Yorkshire Times
Voice of the North
Andrew Palmer
Business Editor
6:38 AM 9th July 2020

Chancellor’s Summer Economic Statement. Business Responds

Jonathan Geldart, Director General of the Institute of Directors, said:

Jonathan Geldart
Jonathan Geldart
“The Chancellor pulled a few rabbits out of his hat today, but many directors will feel like he missed a trick. We fully understand the Treasury’s desire to focus on the young, and particularly badly-affected sectors, but coronavirus has crippled many parts of the economy.

“The JRS bonus offers something of an off-ramp from the furlough scheme, and firms will certainly be doing all they can to keep people on board. However, with cash so tight now, January may feel like a long way off for some businesses. Meanwhile, the Kickstart Scheme is a welcome idea, and we hope the system will be easy for employers to use. The boosts for apprenticeships and other training are also steps in the right direction.
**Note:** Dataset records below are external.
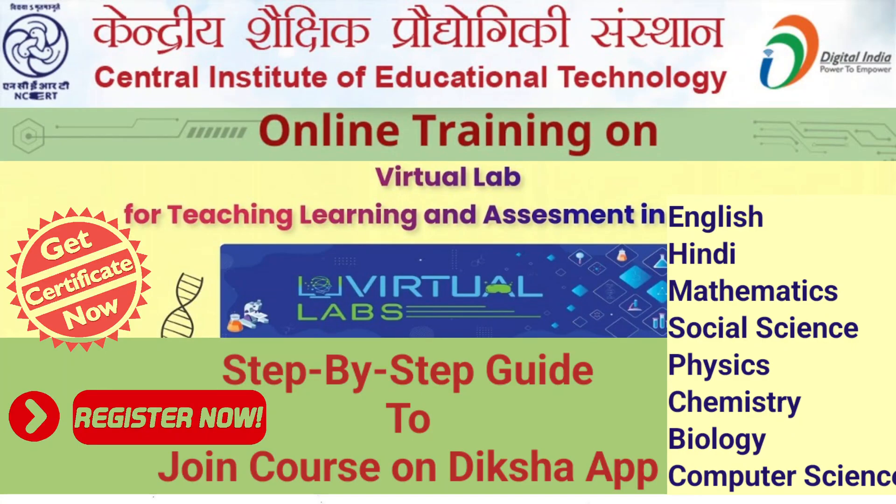Hello everyone, welcome back to YouTube channel MJ Manjari. Today's video is very important for all the school teachers out there, irrespective of subject whether you are English, Hindi, Mathematics, Social Science or Science subject teacher - Physics, Chemistry or Biology. This video is very important for all school teachers.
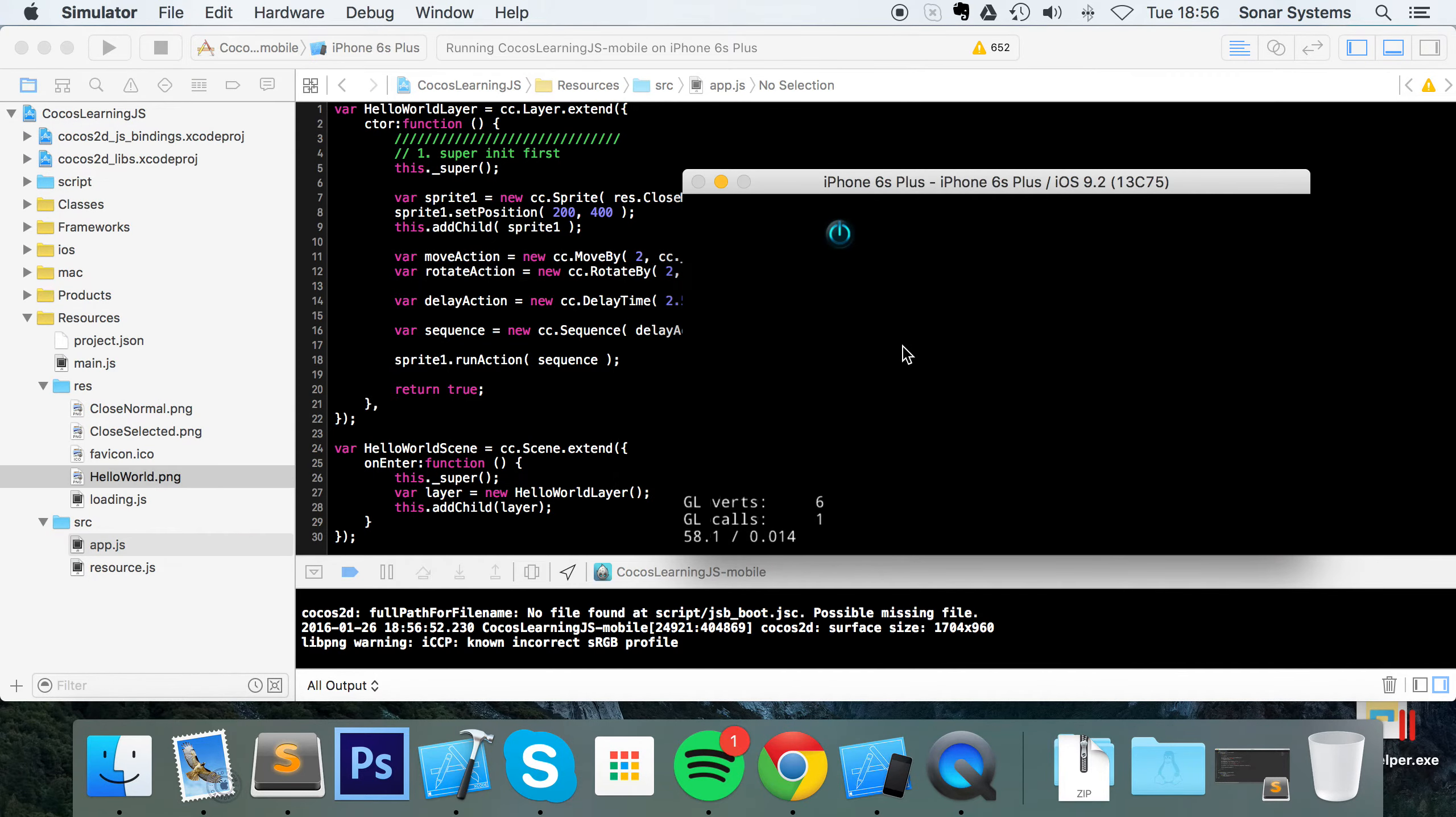It's not rotating at the moment, it's delayed by 2.5 seconds, rotating, delayed by 2.5 seconds again, and now it's moving.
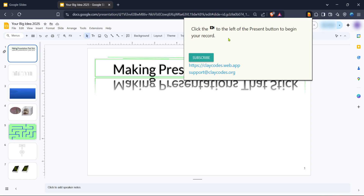You should see a window or a menu that allows you to start your recording session. Make sure your microphone and camera are enabled if you wish to include audio and video. Check your settings, adjust the volume levels and position your camera as needed to capture an optimal presentation. And there you have it — you're now ready to deliver a dynamic and engaging Google Slides presentation recorded with both audio and video. Happy presenting!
“Support for hospitality will clearly go down well with the sector. However, we were looking for broader-based measures to help companies ride out the crisis – which is by no means over – particularly for those who have so far fallen through the gaps of support schemes. A glaring omission throughout this pandemic has been the exclusion of small company directors, many of whom have not been able to access income support. Widening grant schemes could help those who have been left struggling without assistance, and help more firms to re-open.
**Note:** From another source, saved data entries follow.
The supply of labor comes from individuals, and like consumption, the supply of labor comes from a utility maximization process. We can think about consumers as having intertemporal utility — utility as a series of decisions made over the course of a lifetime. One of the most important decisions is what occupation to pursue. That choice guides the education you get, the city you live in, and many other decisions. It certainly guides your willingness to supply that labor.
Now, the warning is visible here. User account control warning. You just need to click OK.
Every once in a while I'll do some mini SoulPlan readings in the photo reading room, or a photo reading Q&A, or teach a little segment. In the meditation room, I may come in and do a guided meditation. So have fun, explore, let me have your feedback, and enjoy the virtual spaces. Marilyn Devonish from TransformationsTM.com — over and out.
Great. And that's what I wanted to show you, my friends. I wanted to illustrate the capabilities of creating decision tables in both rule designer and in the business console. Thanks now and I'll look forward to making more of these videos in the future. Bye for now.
“While boosting green investment marks a welcome step towards our long term goals for the economy, it can only be the start, and we will need much more encouragement to help businesses invest in green and digital technologies. At the same time, with our data showing exports have taken a knock due to the pandemic, it’s essential that sufficient measures are taken soon to aid international traders so we can avoid a perfect storm come the end of the year.
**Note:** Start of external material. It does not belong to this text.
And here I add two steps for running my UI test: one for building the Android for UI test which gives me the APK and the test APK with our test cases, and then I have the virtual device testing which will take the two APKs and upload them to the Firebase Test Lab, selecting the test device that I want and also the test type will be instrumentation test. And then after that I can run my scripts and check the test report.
“The Chancellor’s greatest strength has been his willingness to adapt as the situation moves. While there were certainly things for businesses to welcome today, there is still a long hard road back to full economic health.”

Dame Carolyn Fairbairn, CBI Director-General, said:

Dame Carolyn Fairbairn
Dame Carolyn Fairbairn
“The Chancellor is absolutely right to prioritise jobs in his summer statement. Flattening the daunting unemployment curve about to hit our country could not be more important. Joblessness scars lives and hits the young and most disadvantaged hardest.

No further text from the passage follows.